RE: [Corpora-List] Extracting only editorial content from a HTML page

From: peetm (peet.morris@comlab.ox.ac.uk)
Date: Tue Aug 09 2005 - 12:48:06 MET DST

  • Next message: Hal Daume III: "Re: [Corpora-List] Extracting only editorial content from a HTML page"

    I started looking at this problem a couple of years ago (I've since changed
    tack - so am no longer continuing with looking at this).

    However, the approach I used was roughly as follows.

    I first used regular expressions, but soon gave up on them - it's amazing
    how well [some] browsers cope with badly formatted HTML (that can throw your
    regexps)

    So, in the end, I used an object model to load/walk the page (I used
    Microsoft's implementation of the DOM
    (http://www.webreference.com/js/column40/)) - essentially, any webpage is
    parsed and loaded into this, and then represented by a number of software
    objects that one can walk, and manipulate etc. The main advantage of this
    approach is that the DOM essentially reformats the source HTML so that it is
    consistent (adding elements as needed etc to make it 'good').

    For example, if the source contained this

    1. <p><b>this is some text</p></b>

    Or this

    2. <p><b>this is some text

    Or this

    3. <p><b>this is some text</b>

    The object model I used 'rendered' it as

    <p>
            <b>
                    This is some text
            </b>
    </p>

    So, it 'fixed' the bad tag ordering in '1', added the </b></p> in '2', and
    the </p> in '3' - very clever parsing! BTW, some DOMs do better at this
    than others of course (one of the reasons that some browsers display certain
    pages better than others do - does their DOM 'fix' the HTML?)!

    The object model also allows one to easily ignore tags (the tags are simply
    node types in the model) - or - enables one to just select (say) paragraph
    sections of a page.

    I did the latter, and then threw out any paragraphs that contained single
    sentences, or other junk stuff (like images).

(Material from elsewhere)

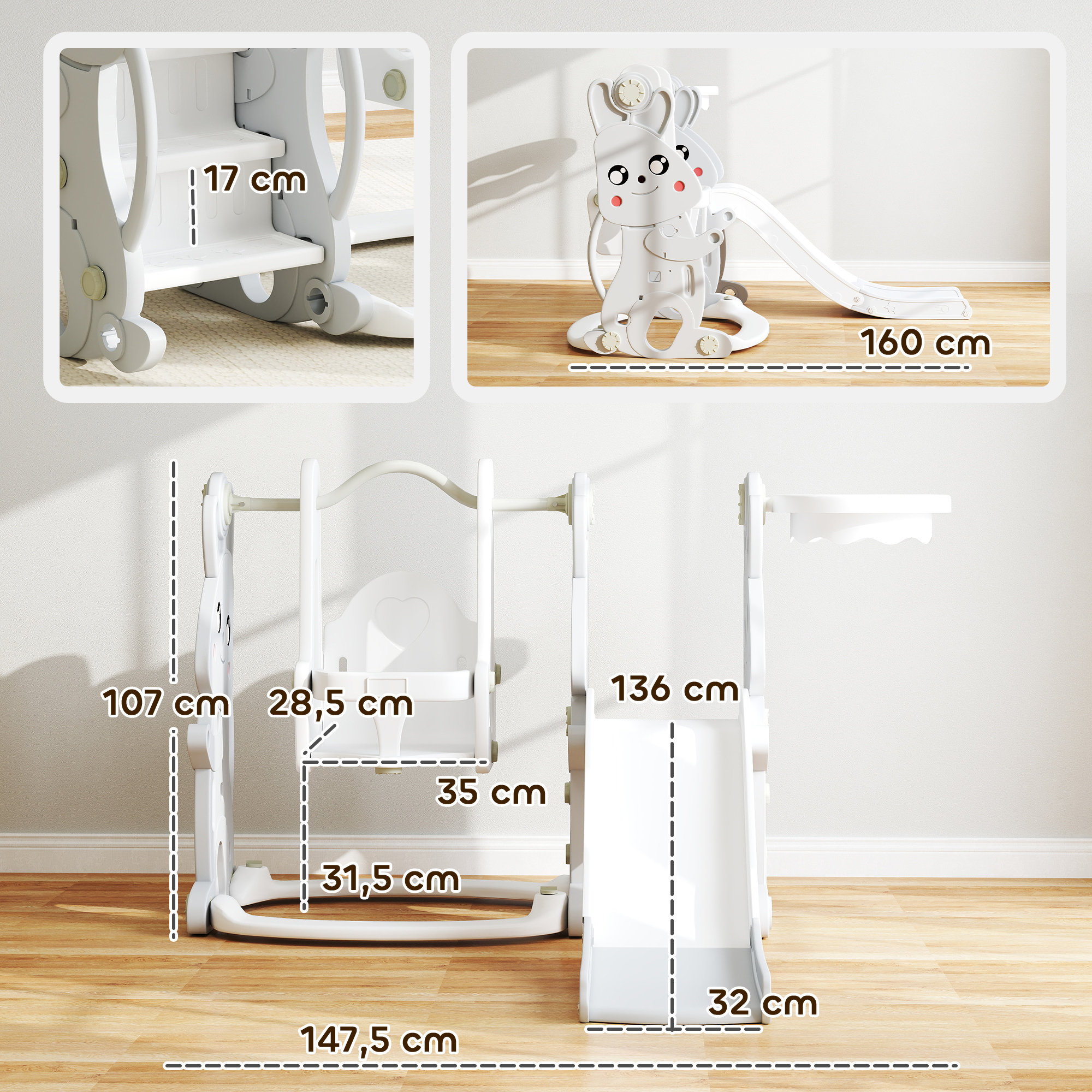 4-in-1 Spielset für Kleinkinder, Rutsche, Schaukel, Klettergerüst, Basketballkorb, Kunststoff, Hasendesign, Grau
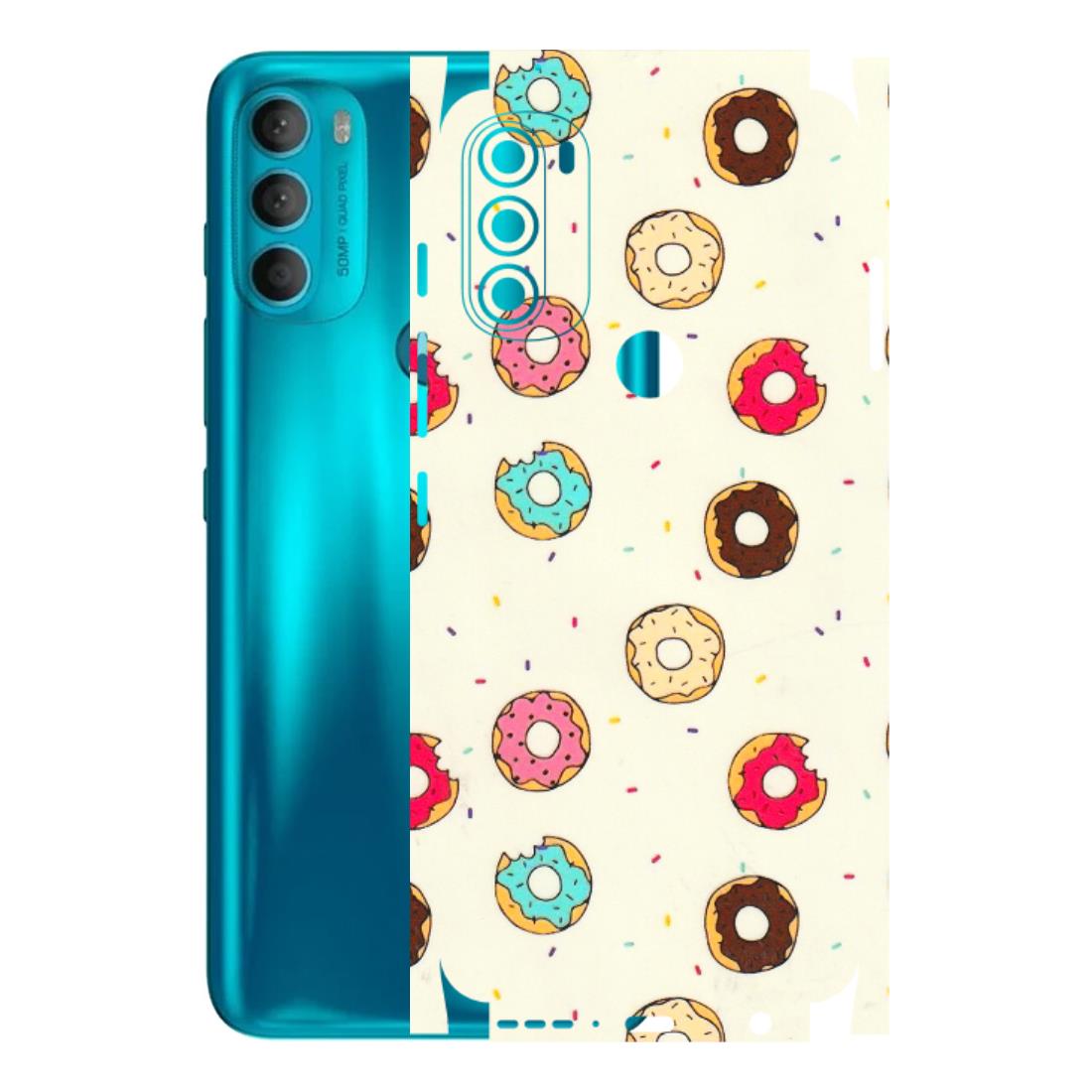 Motorola Phone Skins (All Models) - Mini Donuts Doodle Art - 3D Embossed Finish (L-122) Motorola Moto G71 (5G)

    It worked pretty well, although it was a little slower than it might have
    been using regexps.

    peetm

    email: peet.morris@clg.ox.ac.uk

    addr: Computational Linguistics Group
          University of Oxford
          The Clarendon Institute
          Walton Street
          Oxford
          OX1 2HG

    =======================================

    Important: This email is intended for the use of the individual addressee(s)
    named above and may contain information that is confidential, privileged or
    unsuitable for overly sensitive persons with low self-esteem, no sense of
    humour or irrational religious beliefs.
    If you are not the intended recipient, then social etiquette demands that
    you fully appropriate the message without trace of the former sender and
    triumphantly claim it as your own. Leaving a former sender's signature on a
    "forwarded" email is very bad form and, while being only a technical breach
    of the Olympic ideal, does in fact constitute an irritating social faux pas.
    Further, sending this email to a colleague does not appear to breach the
    provisions of the Copyright Amendment (Digital Agenda) Act 2000 of the
    Commonwealth, because chances are none of the thoughts contained in this
    email are in any sense original...
    Finally, if you have received this email in error, shred it immediately,
    then add it to some nutmeg, egg whites and caster sugar. Whisk until stiff
    peaks form, then place it in a warm oven for 40 minutes. Remove promptly and
    let it stand for 2 hours before adding the decorative kiwi fruit and cream.
    Then notify me immediately by return email and eat the original message.

    -----Original Message-----
    From: owner-corpora@lists.uib.no [mailto:owner-corpora@lists.uib.no] On
    Behalf Of Helge Thomas Hellerud
    Sent: 09 August 2005 10:43
    To: corpora@uib.no
    Subject: [Corpora-List] Extracting only editorial content from a HTML page

    Hello,

    I want to extract the article text of a HTML page (for instance the text of
    a news article). But a HTML page contains much "noise", like menus and ads.
    So I want to ask if anyone know a way to eliminate unwanted elements like
    menus and ads, and only extract the editorial article text?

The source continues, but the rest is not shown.